Apache Flink 1.14.0 Highlights
Core Features
- Checkpointing for Bounded Streams.
- Mixed DataStream and Table/SQL Applications in Batch Execution Mode.
- Introduction of the Hybrid Source for seamless reading across multiple sources.
- Buffer Debloating to minimize checkpoint latency.
- Fine-Grained Resource Management for dynamic Slot sizing.
- New Pulsar Connector for the DataStream API.
Unified Stream & Batch Processing
Bounded Stream Checkpointing
Enable the creation of checkpoints after some tasks finish and a final checkpoint at stream end to ensure output commits. Activate by setting execution.checkpointing.checkpoints-after-tasks-finish.enabled: true.
Hybrid Source Sequentially reads from multiple sources (e.g., S3 for historical data, then Kafka for new data) as a single logical stream.
Operational Enhancements
Buffer Debloating Automatically adjusts network buffer usage to ensure high throughput while minimizing buffered data for low checkpoint overhead.

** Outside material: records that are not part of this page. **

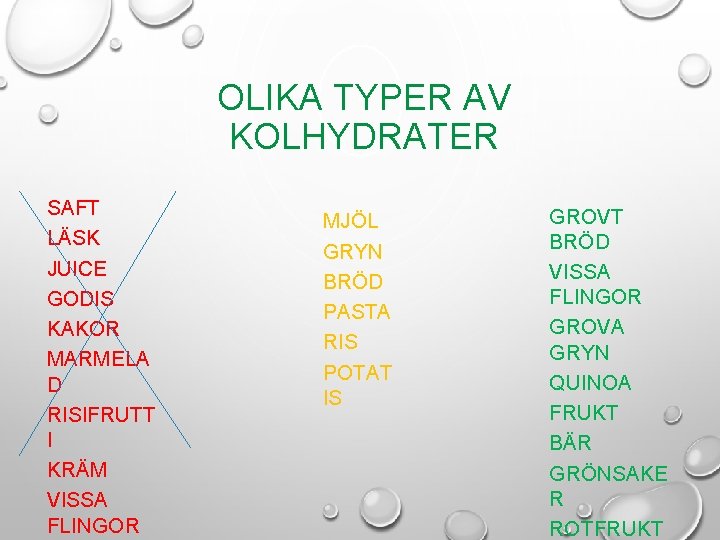 OLIKA TYPER AV KOLHYDRATER SAFT LÄSK JUICE GODIS KAKOR MARMELA D RISIFRUTT I KRÄM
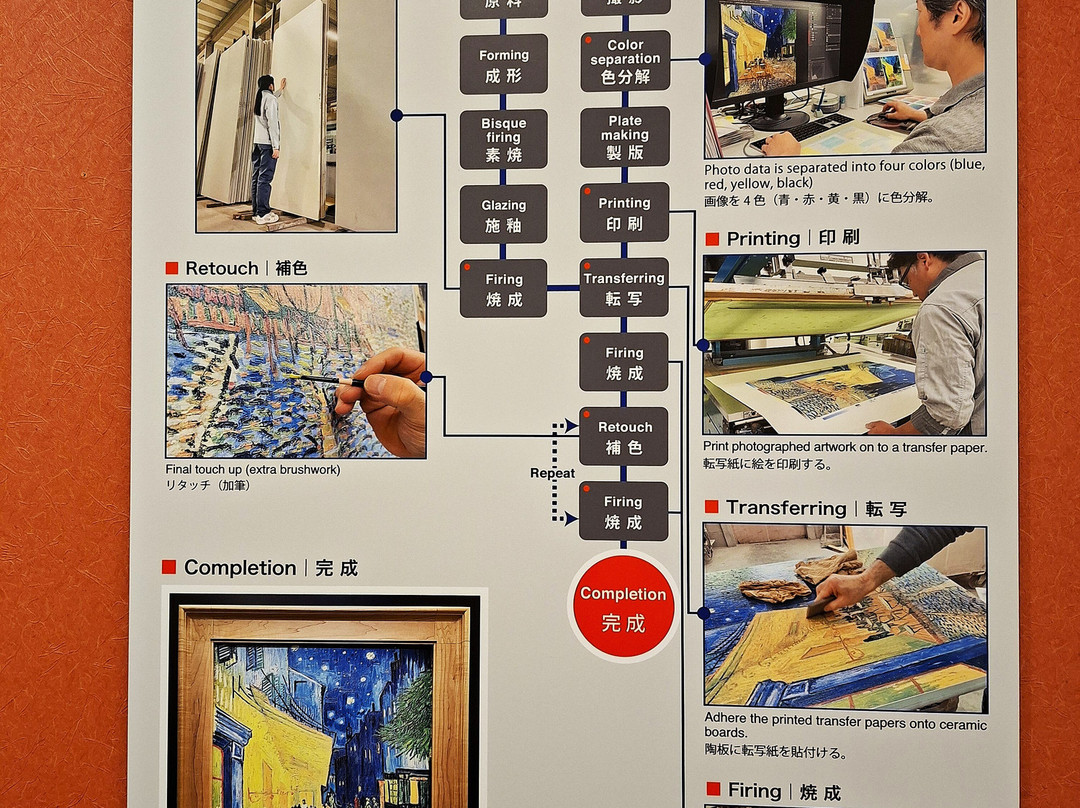 Otsuka Museum of Art-鸣门市必去景点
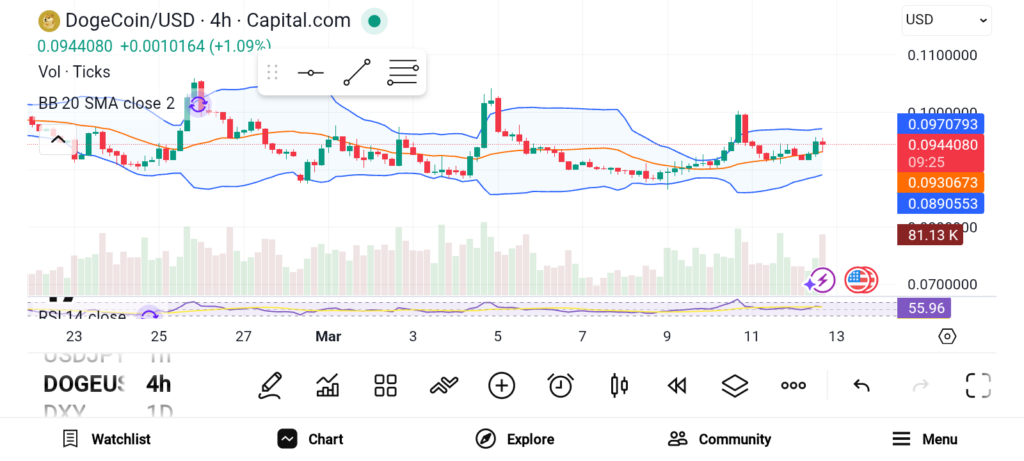 模因币崛起：狗狗币、佩佩币与特朗普币的市场表现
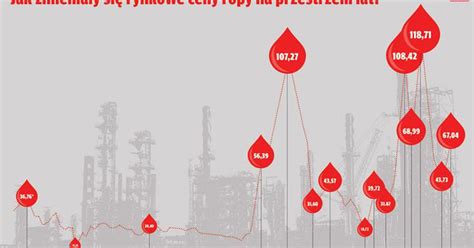 Jak Zmienia Y Si Rynkowe Ceny Ropy Na Przestrzeni Lat Grafika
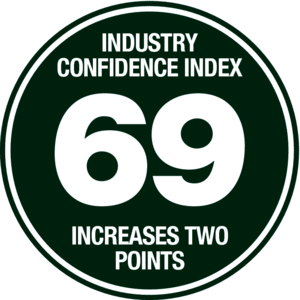 ENR's Construction Industry Confidence Index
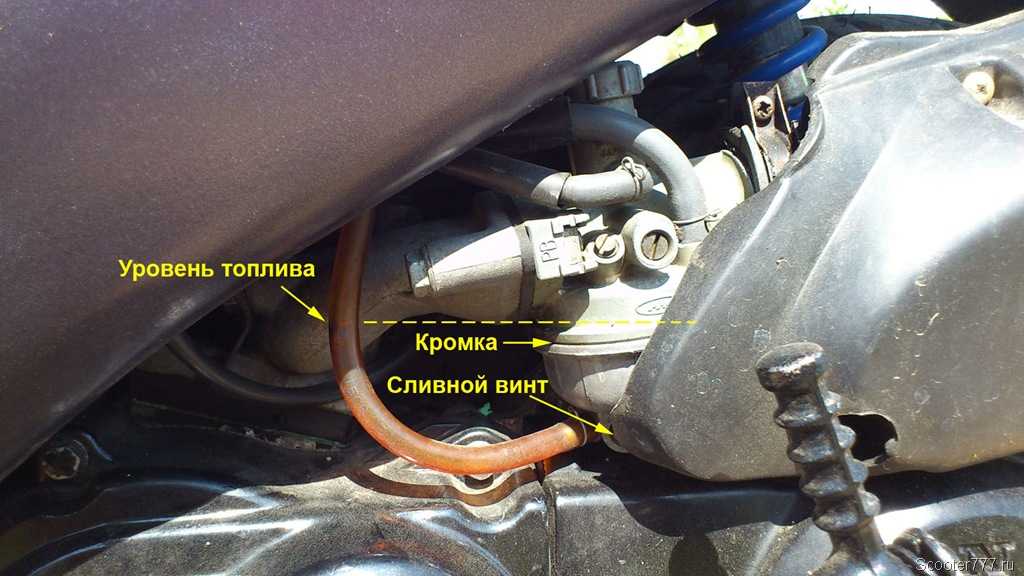 Сколько денег нужно срочнику в армии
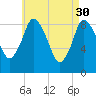 Sandy Neck Colony tide chart for Sunday, April 30, 2023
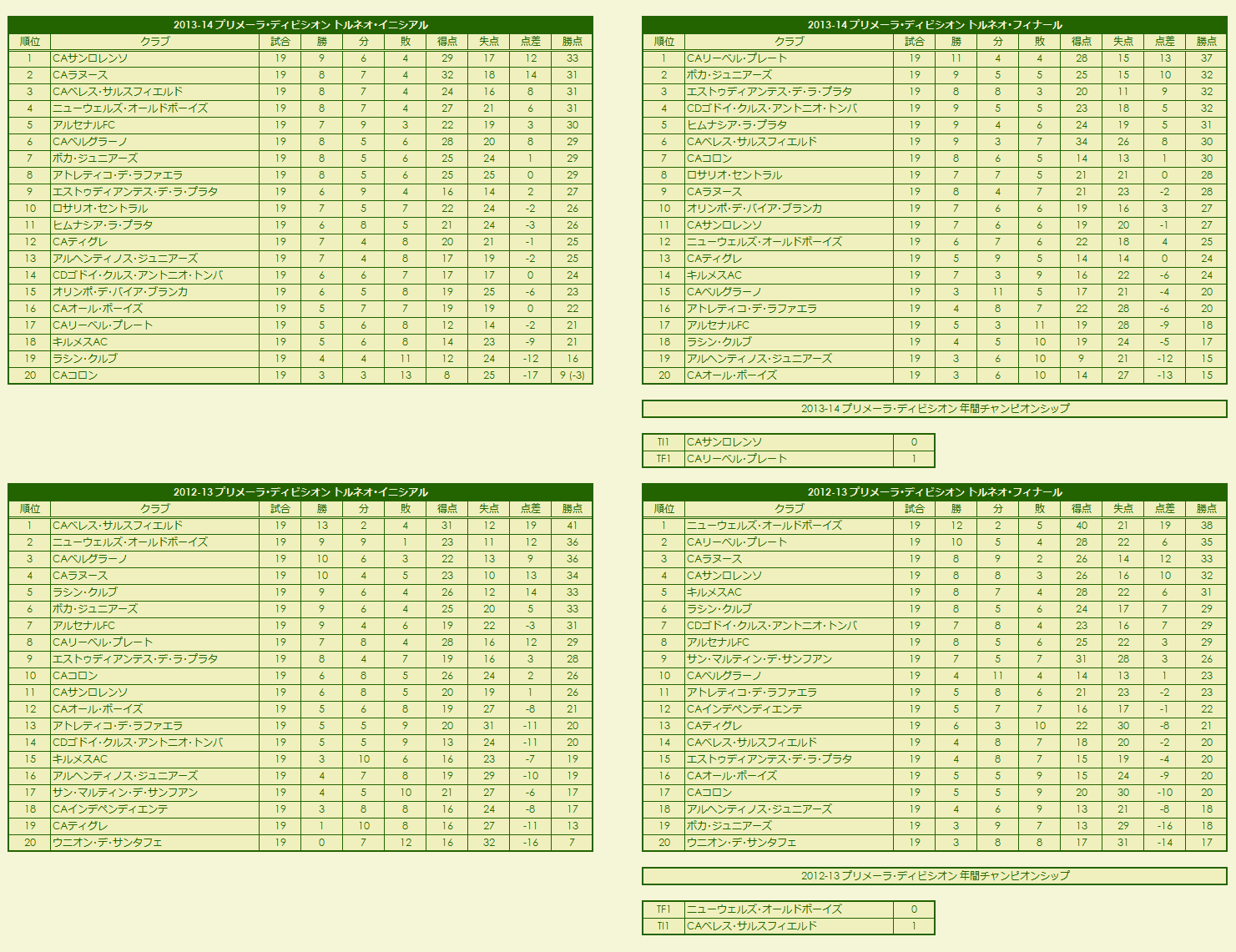 2010s(2) Primera División season standings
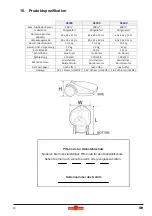 Предварительный просмотр 40 страницы Wolf Garten Ambition Robo Scooter 300 Original Operating Instructions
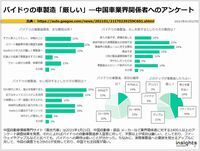 バイドゥの車製造「厳しい」―中国車業界関係者へのアンケートのキャプチャー
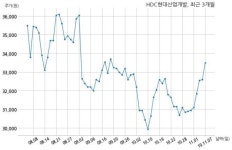 HDC현대산업개발 대흥성원동진빌라 주택재건축정비사업조합과 2066억원 계약체결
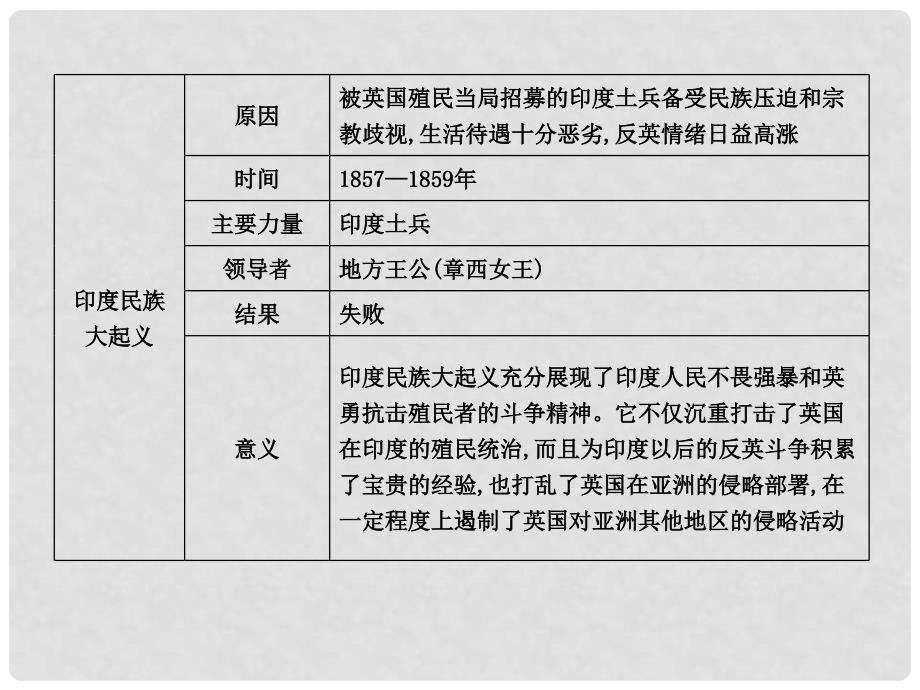 九年级历史上册 第七单元 工业革命、马克思主义的诞生与反殖民斗争 第20课 殖民扩张与反殖民斗争作业课件 川教版_第3页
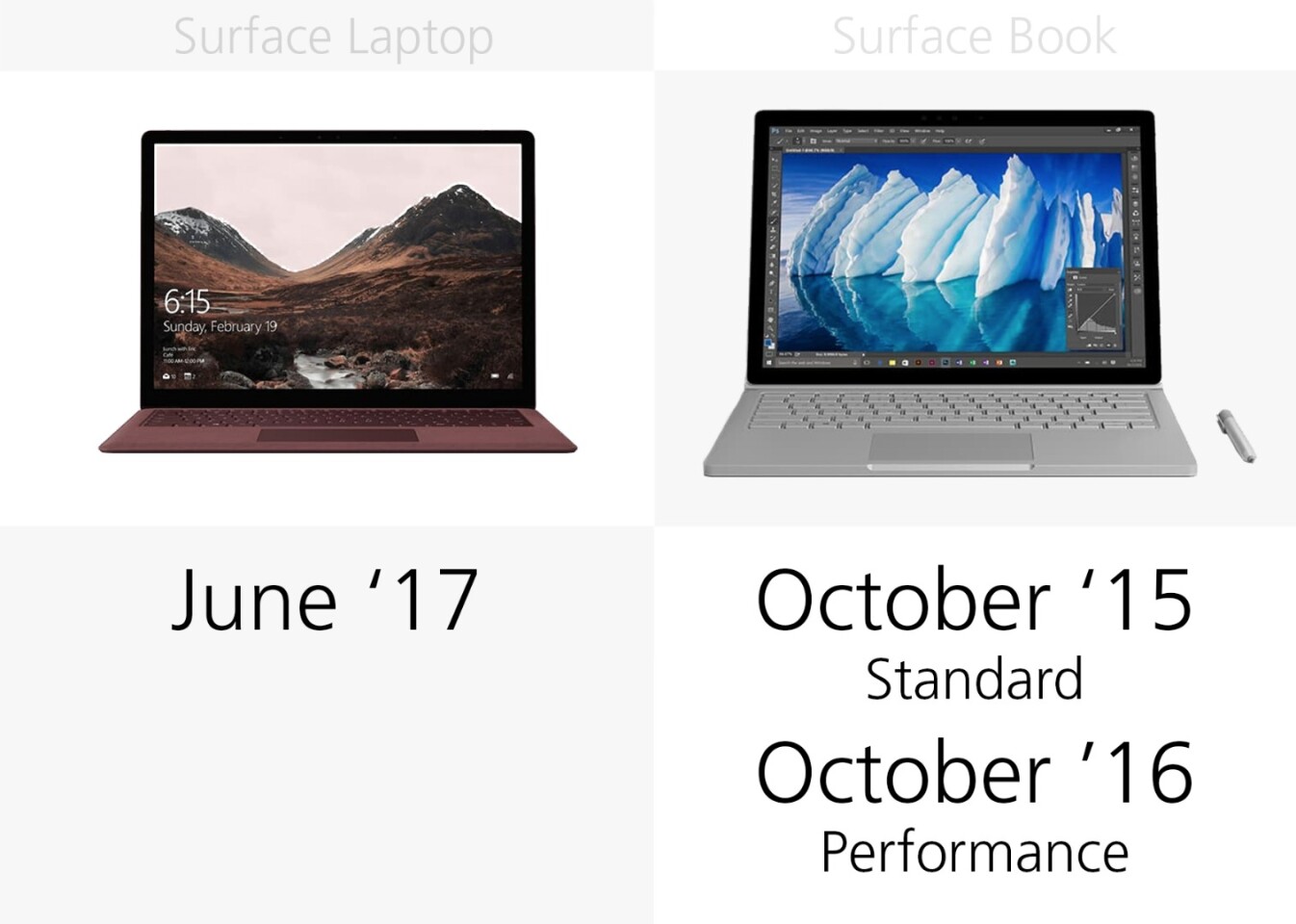 Release date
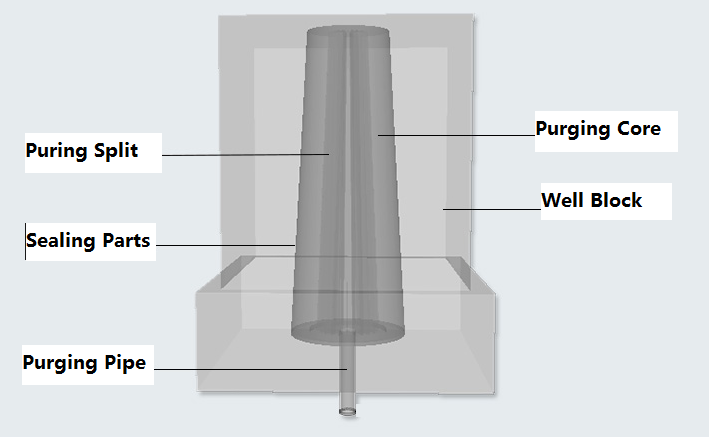 High Cold Crushing Strength Ladle Purging Plugs and Pocket Block with Alumina Spinel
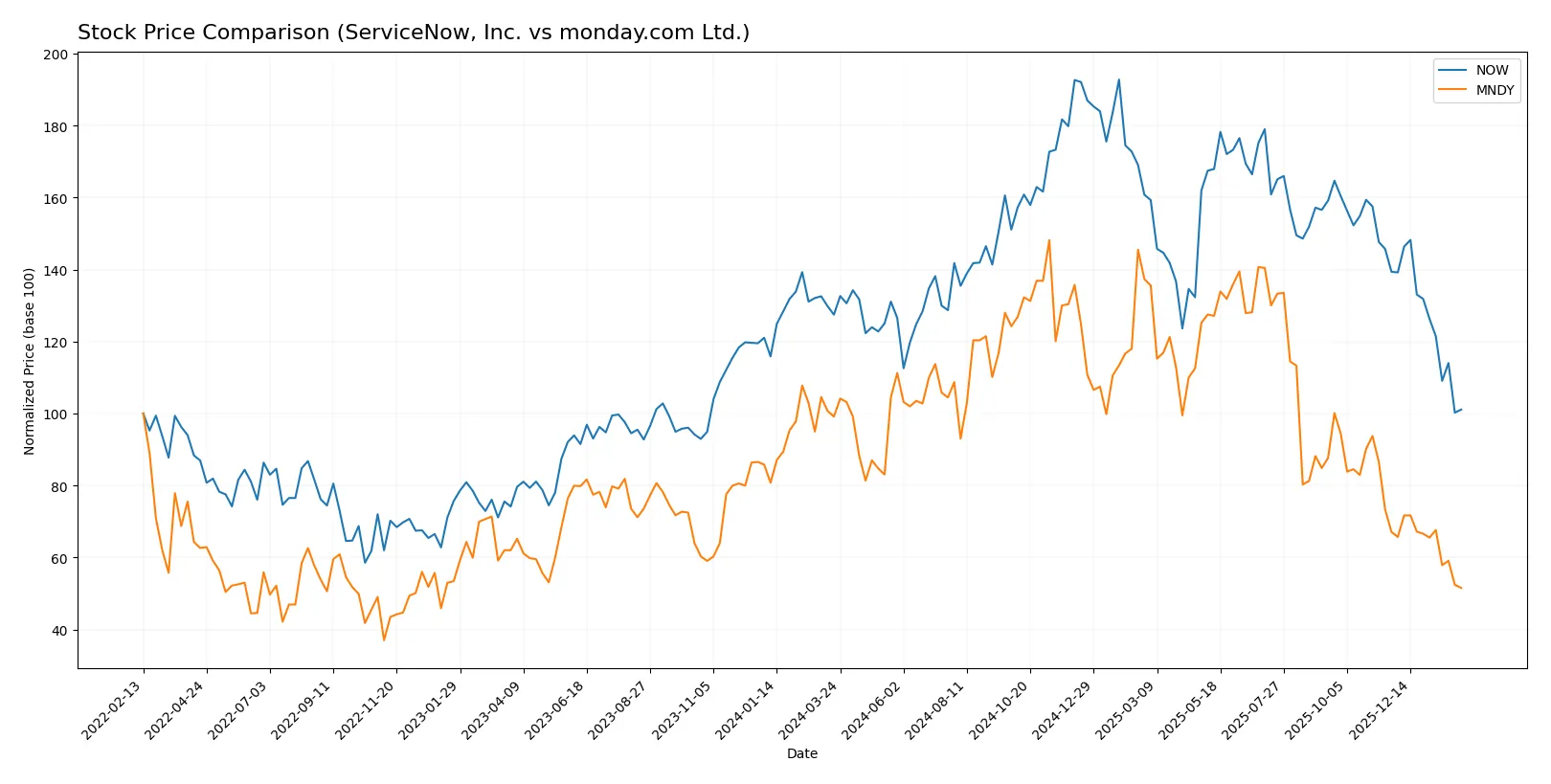 stock price comparison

Fine-Grained Resource Management Enables dynamic resizing of Slots within a TaskManager.
PyFlink Improvements
- Performance gains via chaining of Python functions, similar to Java API operator chaining.
- Loopback debug mode allows execution of Python UDFs in the client process, enabling IDE breakpoint debugging.
- Support for Yarn Application mode and
.tgzPython archives.
Deprecations
- Legacy SQL engine and Mesos support were removed.
Apache Flink 1.15 Highlights
Operations and Management
Incremental Savepoints Savepoints become incremental when using native format with RocksDB state backend.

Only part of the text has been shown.